What does a good strategy look like, and how exactly do you build it? In this #mtpcon Digital Americas talk, Nacho Bassino, author of Product Direction and Director of Product at Xing, deep-dives into a practical approach to creating your product strategy using a real-life case study.
Many times we talk about strategy, why it’s important, and all the things around the theory of strategy. But Nacho provides some practical tips on strategy, including how a good strategy helps, how to build it, and its components.
Watch the video to see his session in full, or read on for the highlights:
Why you need a good strategy
Product managers already know when they need to look at product strategy – execution disconnects from vision, and there are problems with alignment and focus. The most important thing, however, is a method for producing a strategy.
As Nacho explains, this model can be different depending on the company. The components can be adapted to your context and environment.
Strategy is important because most product teams have good discovery and delivery processes but lack direction and a way to define the right problems and goals to go to the next stage. Says Nacho: “Strategy is getting from the vision to choosing the right space and the right problems and goals, to going through the discovery and delivery phases.”
Steps of a product strategy
Creating a product strategy has four parts:
- Select the most promising insights
- Goals and observations
- Synthesizing to share with others
Gathering information and communication are also critical, but they are not steps. They are important parts of the puzzle and are already expected of most product teams.
Nacho uses an example from a grocery delivery service. The service wanted to differentiate from restaurant delivery. It was already in a handful of cities and wanted to maximize its current market penetration.
Despite gathering information not being part of the steps, Nacho says that most product managers focus on results but have a multidimensional view for strategy and making everyday decisions.
Insights are learnings. They focus on the identification of a problem, a tendency, or an opportunity that can radically change the game. An insightless strategy is simply following a hunch.

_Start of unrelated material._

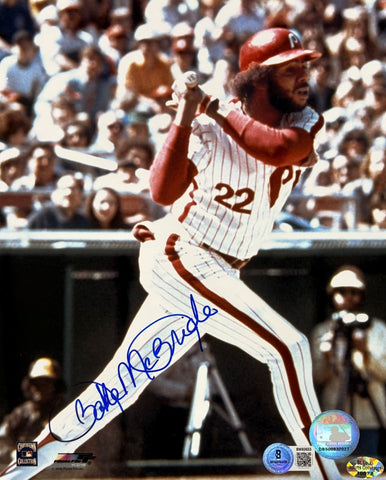 Bake McBride Signed 8x10 Philadelphia Phillies Photo BAS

Some of the types of insights include business model change, consumer behavior, automation and repositioning, and product behavior. Tools to discover insights include an opportunity solution tree, which helps you get from desired outcomes to opportunities you can pursue.
Finding the most critical insights and opportunities is not about trying to understand ROI or prioritize. Instead, try to find focus and positioning. Use your intuition to find which opportunities are most critical. Nacho explains how product managers can use the ‘strengthen the core’ tool for the selection process. To do this, start by putting the value proposition in the center and around it place crucial insights that you’re considering, then ask two questions. The first, ‘how does my core value proposition help this new opportunity be successful?’ and the second, ‘what opportunities strengthen our value and differentiation?’
Goals and assumptions
The next step is to come up with goals and assumptions for selecting the insights. Create one-year goals and specify your key assumptions. Note a strategic hypothesis that helps to identify the riskiest insights and reveal which ones make the most sense to pursue.
Finally, it would help if you had a good artifact that’s easy for people to remember to synthesize information. While an in-depth strategy document may work for some meetings, a simple one-pager is much better for everyday use.
Nacho finishes with a few key takeaways.
No more excuses: Everyone should have a strategy. It is not only for the enlightened.
Be practical: While theory is awesome. There is a practical way to build it.
Hard work? Yes, but the benefits are totally worth the effort.